Minnesotans had the privilege of watching Ben Tracy work during the run-up to his current stature as a CBS News correspondent.
The St. Paul boy was doing excellent work on WCCO-TV’s “Good Question” feature, which he created during the three years he was at Channel 4. CBS producers recognized his work was network caliber because his “Good Question” segments often were used on the Saturday edition of “CBS This Morning.”
When the Interstate 35W bridge collapse brought then-“CBS Evening News” anchor Katie Couric here, that helped seal Tracy’s rise to a network correspondent post. Seeing his work up close impressed Couric, even though she slipped once and addressed him as “Ben Casey.” (Google “Dr. Ben Casey” to find out why that was so funny.)

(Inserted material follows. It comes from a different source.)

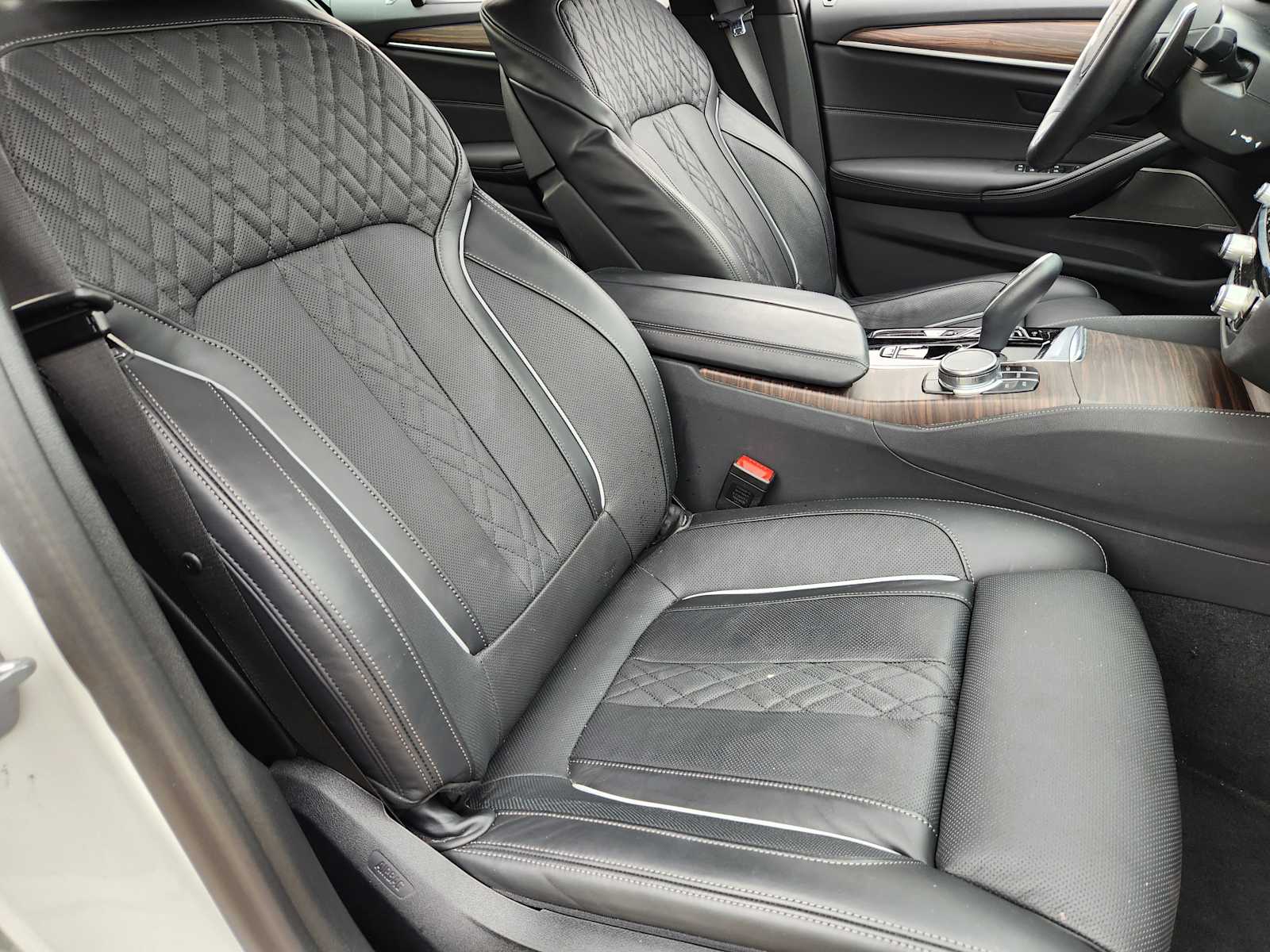 Certified Used 2023 Alpine White BMW 530e xDrive image 12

“My colleagues had a good time with that when I got back to the WCCO newsroom that night,” Tracy said. “Some folks at the network said, ‘Oh, so he can do hard news as well.’ I hate to think of that event being a catalyst in my career, but it is a fact.”
His stellar work has again been noticed. He’s about to become CBS’ Asia correspondent. We did this Q&A, part 1 of 2, via e-mail because he wasn’t going to have time to see me Thursday when he’s scheduled to visit his parents, Pat and Barb, before heading to China.
Q: Do you speak any of the Chinese languages?
A: I have a Mandarin Rosetta Stone in my Amazon cart. Does that count?
Q: To win an assignment to China, is there a chopsticks-usage test?
A: I would fail that test. My chopsticks skills are similar to how I type on a computer (two fingers).
Q: Are you replacing my onetime Twitter follower @adrianadiaz?
A: I am. She has done great work over there. Also, she speaks fluent Mandarin so I really need to get that language software delivered. She’s been lovely about giving me advice on living in Beijing. I may take over her apartment lease ... mainly so I can snag her two air purifiers!
Q: What Minnesota influences have contributed to you being such a great broadcaster?
A: Well, “great” is your word. I think whatever success I have had has been in large part because of how I was raised. Work hard, treat people well, and be humble. A big part of this job is getting people to open up to you and tell their story. Being a normal person certainly helps. I learned so much at WCCO, especially from Don Shelby, who really helped me improve my writing. He was such a great example of someone who could have just read the news and collected a big fat check, but didn’t. He reported stories, he mentored us, he stressed the importance of actually doing the work you get credit for on TV.
Q: How often do you see Paul Magers?
A: We work in the same building just down the hallway from each other. I ran into him once in the bathroom. That’s always weird. I grew up watching him, so it made L.A. feel like home when I first got there and could watch him on the news.
Q: Minnesotans travel, so you know you’ll be running into some in China.
A: I expect to see someone with a Vikings hat on the Great Wall. I run into Minnesotans everywhere. They all want to talk about “Good Question.” I love that more than a decade after photojournalist Joe Berglove and I started that ... it is still a thing.
Q: What are you taking to China that you know won’t be available there?
A: My deodorant, dark chocolate, and a bottle of tequila. My partner is bringing a suitcase full of Old Bay seasoning. He’s from Maryland.
Q: Is that “CBS This Morning” set as chill as it seems?
A: It is chill in that there is no drama, but the energy is fantastic. Charlie [Rose], Gayle [King] and Norah [O’Donnell] are all first-rate journalists as well as people. They bring their A game every day. So, if you fill in or are doing a piece on set, you better bring yours, too. That show has changed my entire experience at CBS. I am so grateful we do actual news in the morning. I would move to New York simply to try to make Gayle King my best friend (although I hear that position has already been taken).